--- Provided records Enclosed Below ---

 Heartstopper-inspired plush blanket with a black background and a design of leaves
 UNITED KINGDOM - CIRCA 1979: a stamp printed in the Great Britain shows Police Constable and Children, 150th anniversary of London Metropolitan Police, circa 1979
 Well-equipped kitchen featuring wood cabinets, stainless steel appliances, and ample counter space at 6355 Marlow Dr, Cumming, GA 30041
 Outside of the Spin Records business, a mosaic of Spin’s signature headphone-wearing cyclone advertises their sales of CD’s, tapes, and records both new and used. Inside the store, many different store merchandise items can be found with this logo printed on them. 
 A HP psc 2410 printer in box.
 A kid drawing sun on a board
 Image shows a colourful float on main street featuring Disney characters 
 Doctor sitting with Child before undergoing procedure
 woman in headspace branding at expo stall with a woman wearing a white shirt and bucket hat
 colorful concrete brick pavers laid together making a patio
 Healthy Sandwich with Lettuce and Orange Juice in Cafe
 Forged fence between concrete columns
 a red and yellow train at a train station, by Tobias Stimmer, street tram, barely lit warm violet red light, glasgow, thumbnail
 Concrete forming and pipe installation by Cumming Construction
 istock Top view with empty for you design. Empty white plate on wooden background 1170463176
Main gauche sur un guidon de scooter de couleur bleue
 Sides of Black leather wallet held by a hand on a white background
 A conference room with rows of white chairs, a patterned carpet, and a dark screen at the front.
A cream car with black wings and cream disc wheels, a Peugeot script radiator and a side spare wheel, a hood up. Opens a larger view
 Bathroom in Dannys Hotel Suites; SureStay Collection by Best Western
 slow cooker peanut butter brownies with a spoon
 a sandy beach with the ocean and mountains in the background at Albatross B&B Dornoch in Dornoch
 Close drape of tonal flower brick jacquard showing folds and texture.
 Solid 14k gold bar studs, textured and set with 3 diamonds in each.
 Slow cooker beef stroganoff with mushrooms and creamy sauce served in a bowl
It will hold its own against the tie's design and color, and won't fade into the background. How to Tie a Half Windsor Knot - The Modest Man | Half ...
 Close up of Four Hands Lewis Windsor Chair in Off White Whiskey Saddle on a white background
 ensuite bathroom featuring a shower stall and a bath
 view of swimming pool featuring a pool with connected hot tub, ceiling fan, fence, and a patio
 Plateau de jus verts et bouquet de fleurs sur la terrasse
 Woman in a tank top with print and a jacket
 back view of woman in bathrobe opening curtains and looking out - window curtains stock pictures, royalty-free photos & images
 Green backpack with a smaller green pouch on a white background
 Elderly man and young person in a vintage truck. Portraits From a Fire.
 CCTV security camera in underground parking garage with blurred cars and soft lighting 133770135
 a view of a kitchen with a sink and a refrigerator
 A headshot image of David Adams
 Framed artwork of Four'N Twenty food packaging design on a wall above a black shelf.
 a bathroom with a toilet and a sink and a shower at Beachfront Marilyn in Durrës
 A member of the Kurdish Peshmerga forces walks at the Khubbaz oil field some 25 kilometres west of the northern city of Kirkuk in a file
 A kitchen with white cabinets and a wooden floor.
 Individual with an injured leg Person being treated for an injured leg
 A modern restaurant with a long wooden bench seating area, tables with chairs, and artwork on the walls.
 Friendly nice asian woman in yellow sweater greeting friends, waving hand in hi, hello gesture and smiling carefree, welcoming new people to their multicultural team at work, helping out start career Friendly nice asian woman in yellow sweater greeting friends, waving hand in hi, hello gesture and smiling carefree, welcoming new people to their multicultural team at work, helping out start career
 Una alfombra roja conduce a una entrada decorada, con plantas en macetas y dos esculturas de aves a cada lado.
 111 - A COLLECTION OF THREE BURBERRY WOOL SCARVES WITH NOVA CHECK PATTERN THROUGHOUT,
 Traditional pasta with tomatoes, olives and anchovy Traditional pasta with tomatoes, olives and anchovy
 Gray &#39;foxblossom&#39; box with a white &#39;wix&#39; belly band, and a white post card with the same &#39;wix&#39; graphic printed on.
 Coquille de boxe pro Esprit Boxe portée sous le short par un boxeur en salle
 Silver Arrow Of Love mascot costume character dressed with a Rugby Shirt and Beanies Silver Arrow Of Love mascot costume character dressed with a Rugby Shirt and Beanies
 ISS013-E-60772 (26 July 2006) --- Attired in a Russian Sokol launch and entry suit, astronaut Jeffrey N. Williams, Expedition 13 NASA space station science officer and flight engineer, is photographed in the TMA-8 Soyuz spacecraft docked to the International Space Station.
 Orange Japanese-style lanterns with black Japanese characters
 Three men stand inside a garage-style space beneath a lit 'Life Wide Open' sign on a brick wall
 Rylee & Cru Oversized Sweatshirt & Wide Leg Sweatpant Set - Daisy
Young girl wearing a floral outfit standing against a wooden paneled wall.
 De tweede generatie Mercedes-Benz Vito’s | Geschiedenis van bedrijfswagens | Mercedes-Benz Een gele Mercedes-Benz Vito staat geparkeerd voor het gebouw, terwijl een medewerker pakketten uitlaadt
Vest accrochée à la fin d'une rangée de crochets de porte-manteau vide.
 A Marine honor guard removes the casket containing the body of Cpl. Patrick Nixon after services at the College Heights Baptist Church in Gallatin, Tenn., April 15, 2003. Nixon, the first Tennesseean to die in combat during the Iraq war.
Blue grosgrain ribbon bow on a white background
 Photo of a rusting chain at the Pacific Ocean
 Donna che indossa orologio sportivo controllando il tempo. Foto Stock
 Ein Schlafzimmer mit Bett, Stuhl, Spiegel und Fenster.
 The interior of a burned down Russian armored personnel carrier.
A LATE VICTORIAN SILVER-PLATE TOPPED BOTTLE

--- End of Enclosed Provided records ---

- What needs to be done -
Set down exactly the lines of the data above, beginning with the line that has "Sides of Black" and ending with the line that has "ensuite bathroom featuring", and no others.

- Answer below -
 Sides of Black leather wallet held by a hand on a white background
 A conference room with rows of white chairs, a patterned carpet, and a dark screen at the front.
A cream car with black wings and cream disc wheels, a Peugeot script radiator and a side spare wheel, a hood up. Opens a larger view
 Bathroom in Dannys Hotel Suites; SureStay Collection by Best Western
 slow cooker peanut butter brownies with a spoon
 a sandy beach with the ocean and mountains in the background at Albatross B&B Dornoch in Dornoch
 Close drape of tonal flower brick jacquard showing folds and texture.
 Solid 14k gold bar studs, textured and set with 3 diamonds in each.
 Slow cooker beef stroganoff with mushrooms and creamy sauce served in a bowl
It will hold its own against the tie's design and color, and won't fade into the background. How to Tie a Half Windsor Knot - The Modest Man | Half ...
 Close up of Four Hands Lewis Windsor Chair in Off White Whiskey Saddle on a white background
 ensuite bathroom featuring a shower stall and a bath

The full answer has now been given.